If G is a group of order d, then does there exist a subgroup of order c for all divisors c of d? I cannot find a proper countetexample. Could anyone provide me with one?

Answer 1

The alternating group $A_4$ has no subgroup of order $6.$

More examples are the alternating groups $A_n$ for $n \ge 5$ which are known to be simple. So they can have no subgroup of half their order, since a subgroup of index $2$ is normal.

Answer 2

Such group is called CLT (Converse of Lagrange Theorem) group. One can prove that any nilpotent group is a CLT group. Also, for any $n\geq 5$, $S_{n}$ is not a CLT group. (For the proof, see here.)

Answer 3

In fact, there is a result due to Bray that all supersolvable finite groups are CLT, and all CLT groups are solvable. See https://msp.org/pjm/1968/27-2/pjm-v27-n2-p02-p.pdf .

The inclusions are strict since $A_4$ is solvable but not CLT and $S_4$ is CLT but not supersolvable.

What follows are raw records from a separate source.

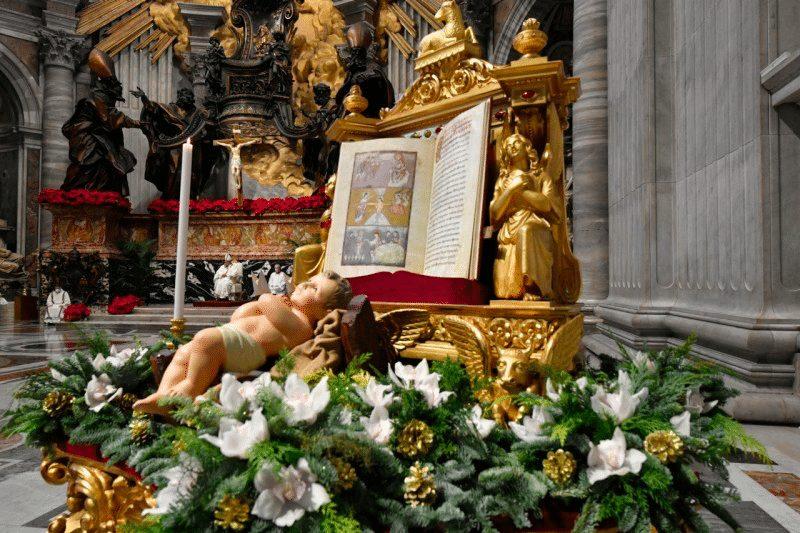 Papa Francisco: ‘como os magos, queremos prostrar-nos e adorar o Senhor’ - Jornal O São Paulo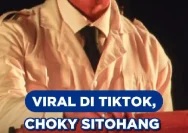 Choky Sitohang: Presenter yang Jago Membangun Obrolan di TikTok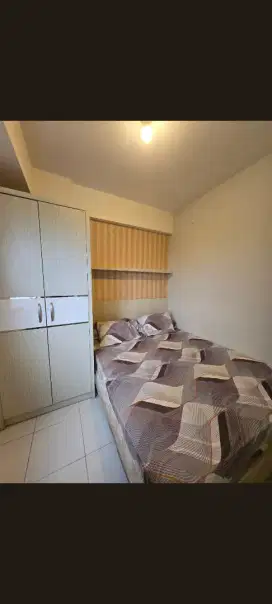 DISEWAKAN APARTEMEN PUNCAK KERTAJAYA 2 BR FULL FURNISH BARU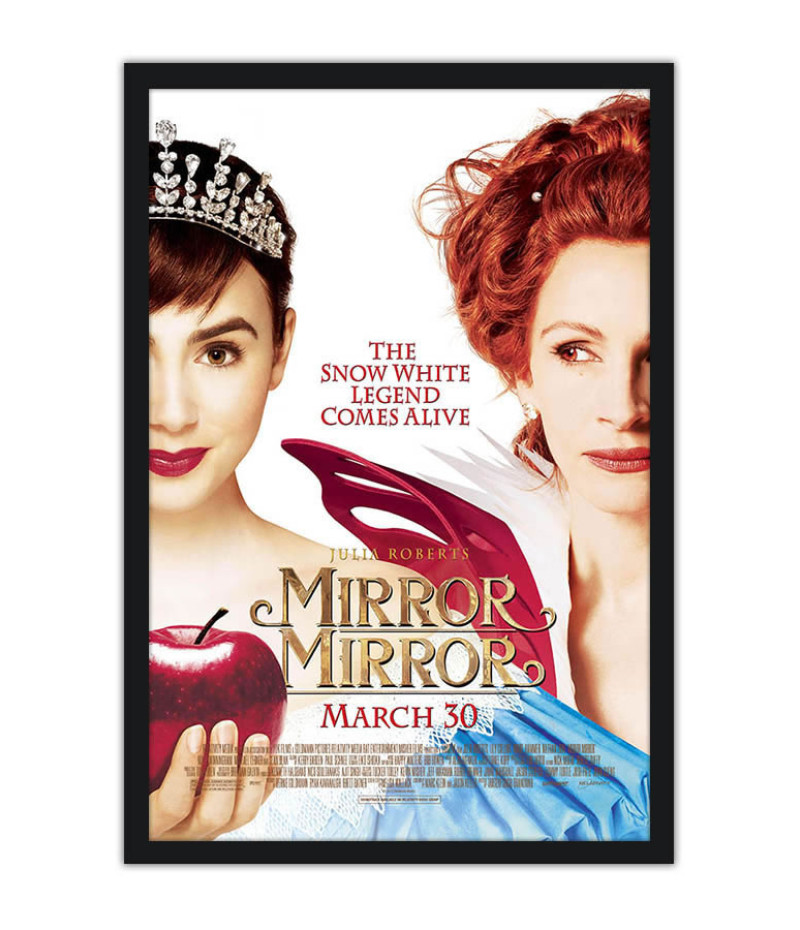 Poster Espelho Espelho Meu Mirror Mirror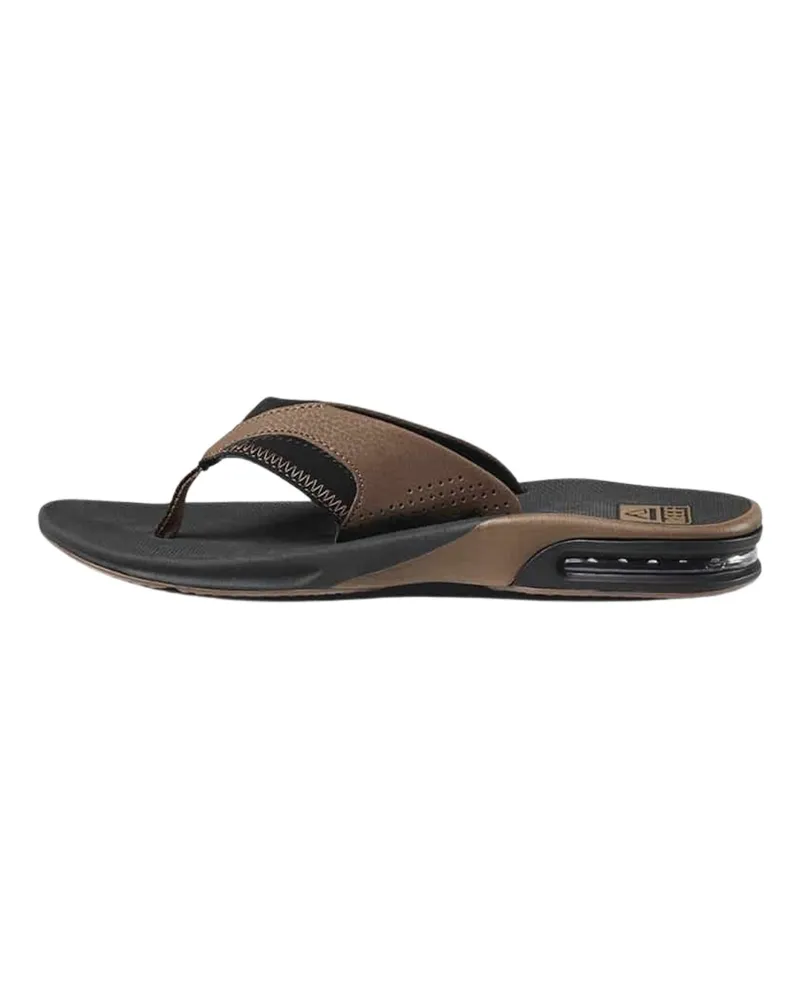 Reef Sandalen Schwarz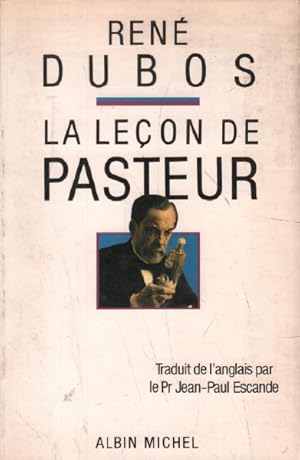 La leçon de Pasteur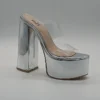 franco banetti litta heels silver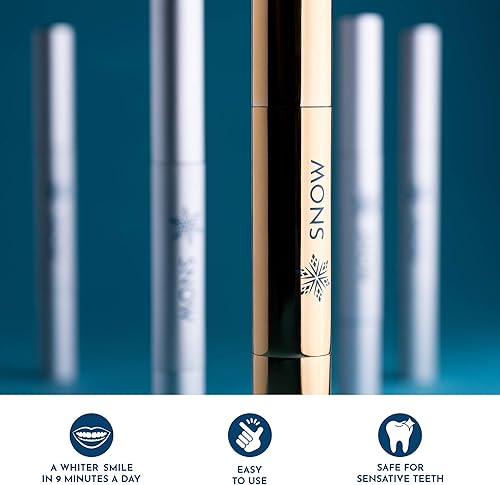 Miniatura 7 de Snow Recambio de blanqueamiento dental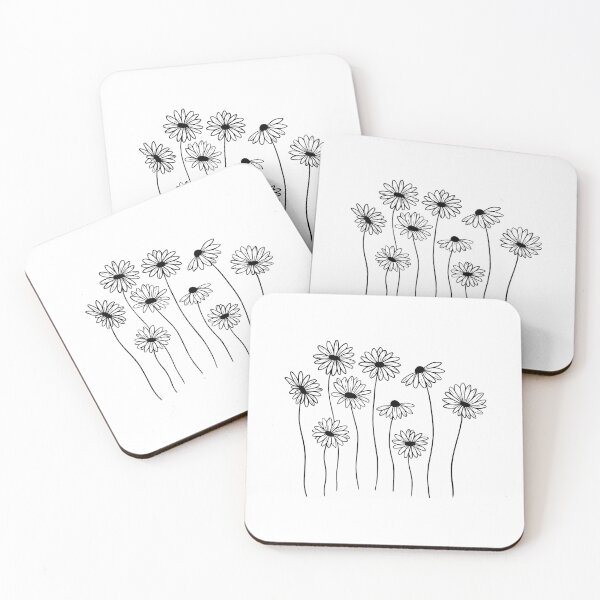 Item preview, Daisies designed and sold by IrinaOstapenko.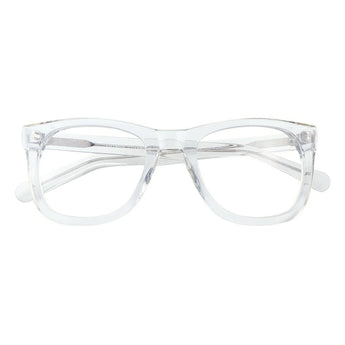 Acetate Wayfarer Eyeglasses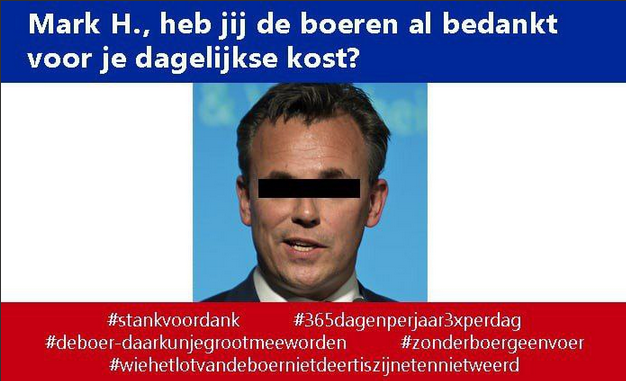 anticovidiano74's tweet photo. #stankvoordank #365dagenperjaar3xperdag
#deboer daarkunjegrootmeeworden #zonderboergeenvoer 
#boeren #boereninverzet #wiehetlotvandeboerennieteertiszijnetennietweerd
#MarkH https://t.co/wnINV3SGvP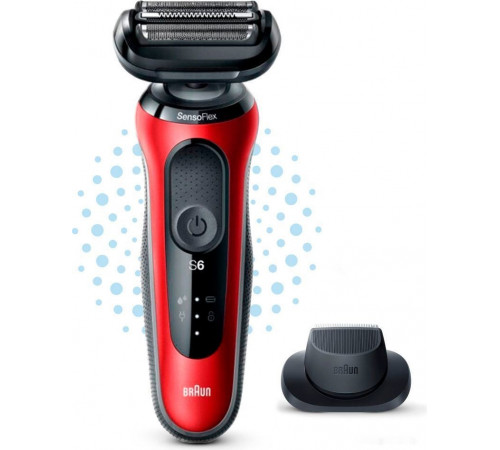 Электробритва мужская Braun Series 6 61-R1200s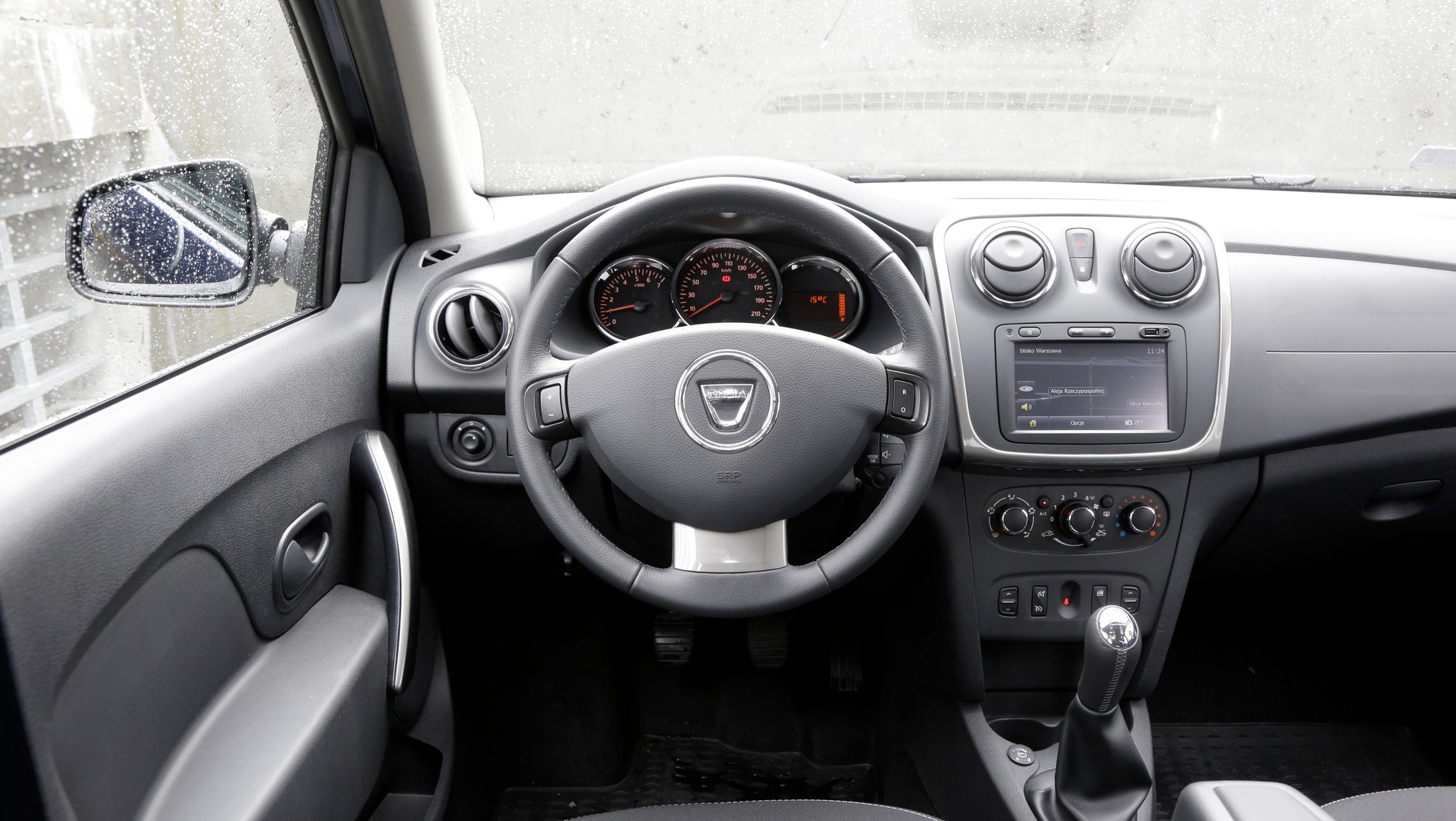Dacia Logan MCV TCe 90 LPG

(Note that a "supersolvable" group is a group with a normal series with cyclic factors such that every group in the series is normal in the whole group. For a finite group, this means its chief series has cyclic factor groups of prime order, the chief series being a normal series of normal subgroups that cannot be refined. In general, solvable finite groups have chief series with elementary abelian factors, but they need not be cyclic.)